- Label : Carlsberg
By DALJIT DHESI
daljit@thestar.com.my
It locks in up to 90% of raw material prices for this year
SHAH ALAM: Carlsberg Brewery Malaysia Bhd expects to maintain its margins this year despite high commodity prices as it has locked in up to 90% of its raw material prices for the year. Its managing director Soren Ravn said in the next three months the company would have to decide on raw material prices for next year and this would entail, among others, hedging at least 50% of raw material prices.
“Raw material prices like malt and aluminium for beer cans have increased by 30% from a year ago. We do not expect this rise to immediately impact our earnings this year as we have already locked in raw material prices. “If prices were to persist next year, it will still not have much impact on our earnings due to hedging,'' he said at a press conference in conjunction with the relaunch of its Carlsberg brand.
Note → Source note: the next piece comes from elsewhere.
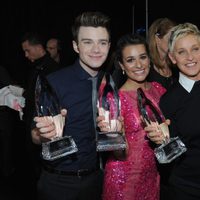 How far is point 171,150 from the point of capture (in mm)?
1517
This initiative occurred simultaneously across more than 140 markets in which the Carlsberg group operates.
Soren Ravn at the relaunch of Carlsberg’s global brand.
Carlsberg, currently among the top five brands in the country, is banking on organic growth and would focus on revenue generation rather than volume, Ravn said. Asked whether the relaunch of its brand would drive sales, he said, without specifying numbers, that it would judging from the launch of its earlier products. “When we launched the smaller version bottle of our beer two years ago it managed to uplift our sales by 20% to date. Hopefully, with a bigger bottle, we hope to rake in more sales,” he said.
Going forward, he said the acquisition of Carlsberg Singapore Ptd Ltd and subsidiary Luen Heng F&B Sdn Bhd would provide growth. After more than two years in the making, the group finally unveiled its major global relaunch brand with a new slogan “That Calls for a Carlsberg”. He said for the first time, Carlsberg would share the same core visual identity of the brand worldwide, adding that it would give the brand the same look and feel in terms of packaging and bottles across all markets.
According to Ravn, Malaysia is an important contributor to Carlsberg worldwide's revenue besides Denmark and Europe. For the financial year ended Dec 31, 2010, the group with its strengthened brand portfolio and the successful integration of Carlsberg Singapore achieved RM1.4bil in revenue for the year ended 31 Dec 31, 2010, a 31% growth over the previous year. Its profit after tax stood at RM134.1mil with growth in profitability from both the Malaysian segment and the full year's inclusion of the consolidated results of Carlsberg Singapore.